Analysts says Phillips-Conoco merger is a matter of survival

Posted: Tuesday, November 20, 2001

NEW YORK (AP) -- While executives promoted their $15.6 billion deal to unite Phillips Petroleum Co. and Conoco Inc. as a merger of equals, analysts described it Monday as a simple matter of survival.

Phillips is a major force on the North Slope of Alaska, and also has a presence on the Kenai Peninsula. But Conoco hasn't been active in Alaska in recent years, so a merger isn't likely to result in significant job cuts here.

If Phillips and Conoco hadn't decided to join forces, they risked losing market share to competitors in a business climate that's increasingly unhealthy for all but the largest petroleum companies, the analysts said.
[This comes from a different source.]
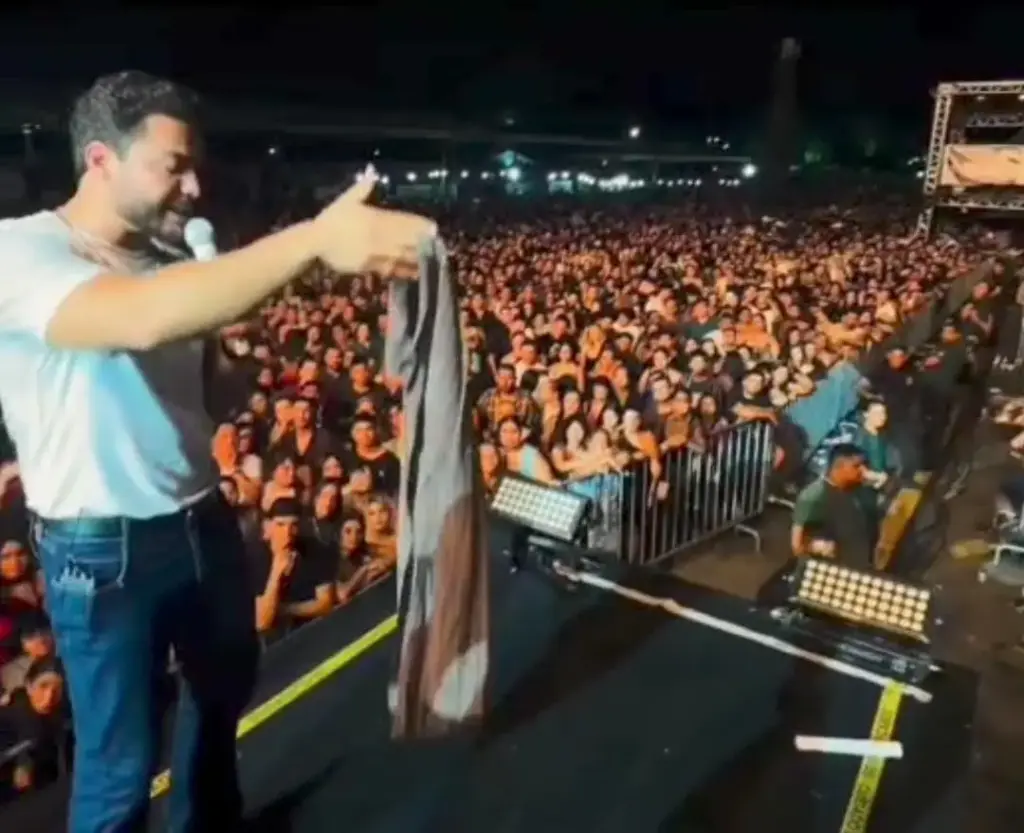 Gesto solidário: Wesley Safadão doa camisa do show na Expoacre para leilão em prol de irmãos com doença rara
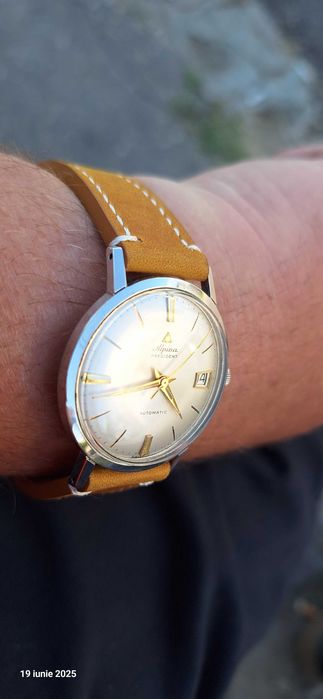 Ceas de vanzare Alpina President  Automatic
''This is absolutely a matter of survival -- not necessarily to thrive, but to guarantee they will survive,'' said Fadel Gheit, an analyst at Fahnestock & Co. ''If oil and gas prices collapse, smaller companies will be swept away.''

Oil prices recently have plunged to their lowest level in more than two years, with gasoline averaging $1.23 a gallon at stations nationwide, according to the Lundberg Survey. Prices at the pump could drop further if OPEC fails in its efforts to stop the free-fall.

In a conference call Monday, top Phillips and Conoco officials said the merger will allow them to save at least $750 million annually, in part through elimination of jobs from the combined company's roster of 58,000 employees.

Phillips chairman James Mulva said it's too soon to say how many positions will be cut. Gheit predicted about 10 percent of the work force would be eliminated.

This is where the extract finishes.